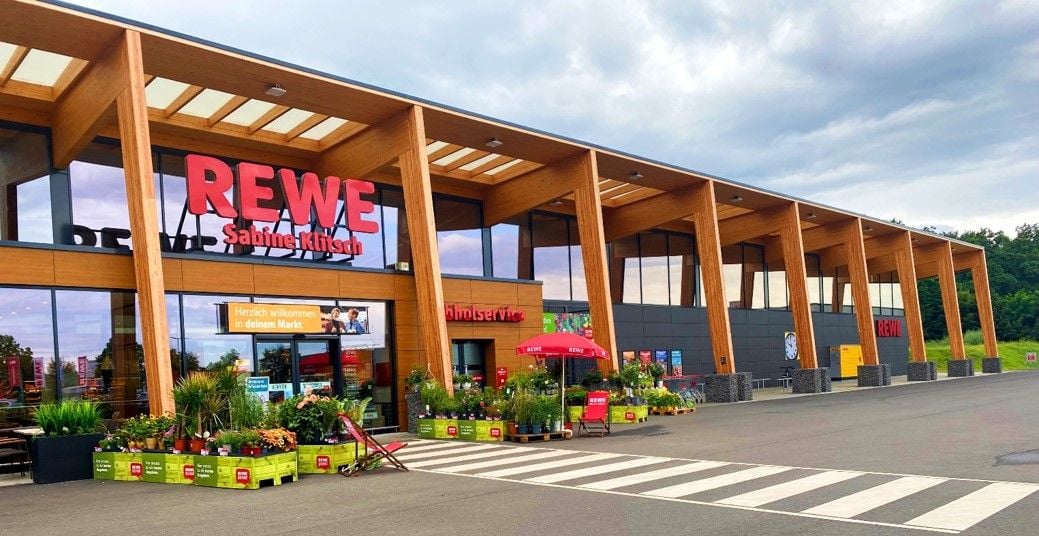 Neuer Rewe Markt Sieht Aus Wie Eine Historische Markthalle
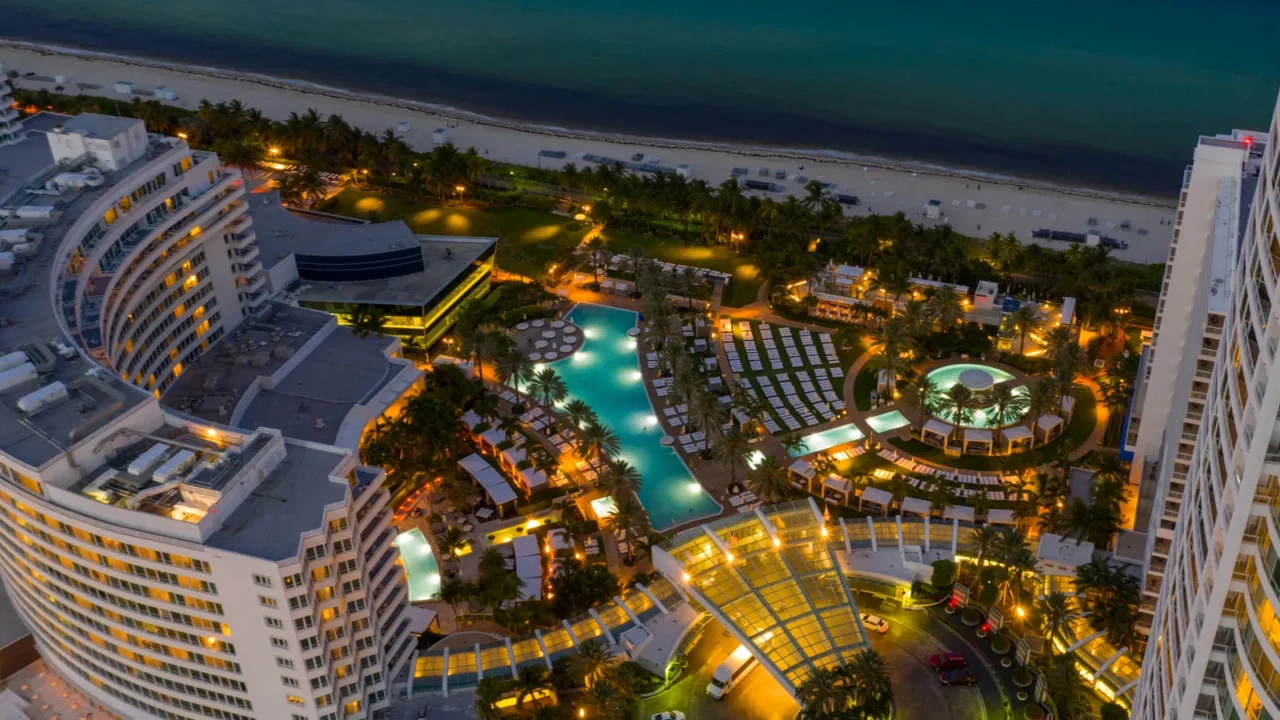 miami beach fontainebleau hotel aerial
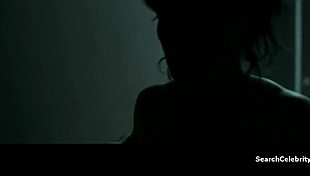 juliette binoche in elles magazine 2012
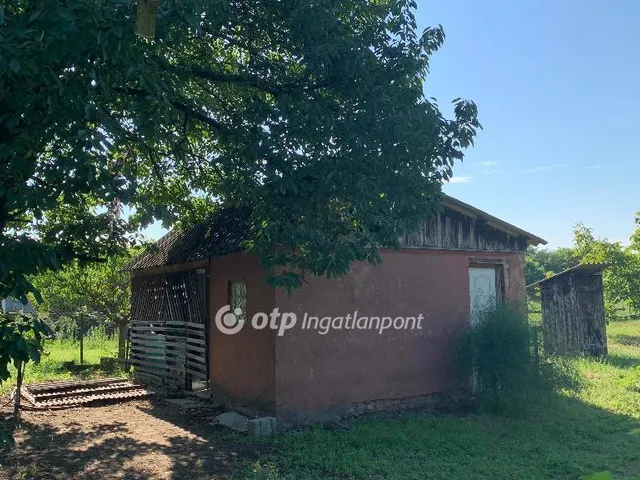 Eladó telek Nyíregyháza, Sóstóhegy 3930 nm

**DESCRIPTION OF THE TASK**
The result should be the listing above, restated exactly, with no pictures in it.

**RESULT FOR THIS EXERCISE**
 Neuer Rewe Markt Sieht Aus Wie Eine Historische Markthalle
 miami beach fontainebleau hotel aerial
 juliette binoche in elles magazine 2012
 Eladó telek Nyíregyháza, Sóstóhegy 3930 nm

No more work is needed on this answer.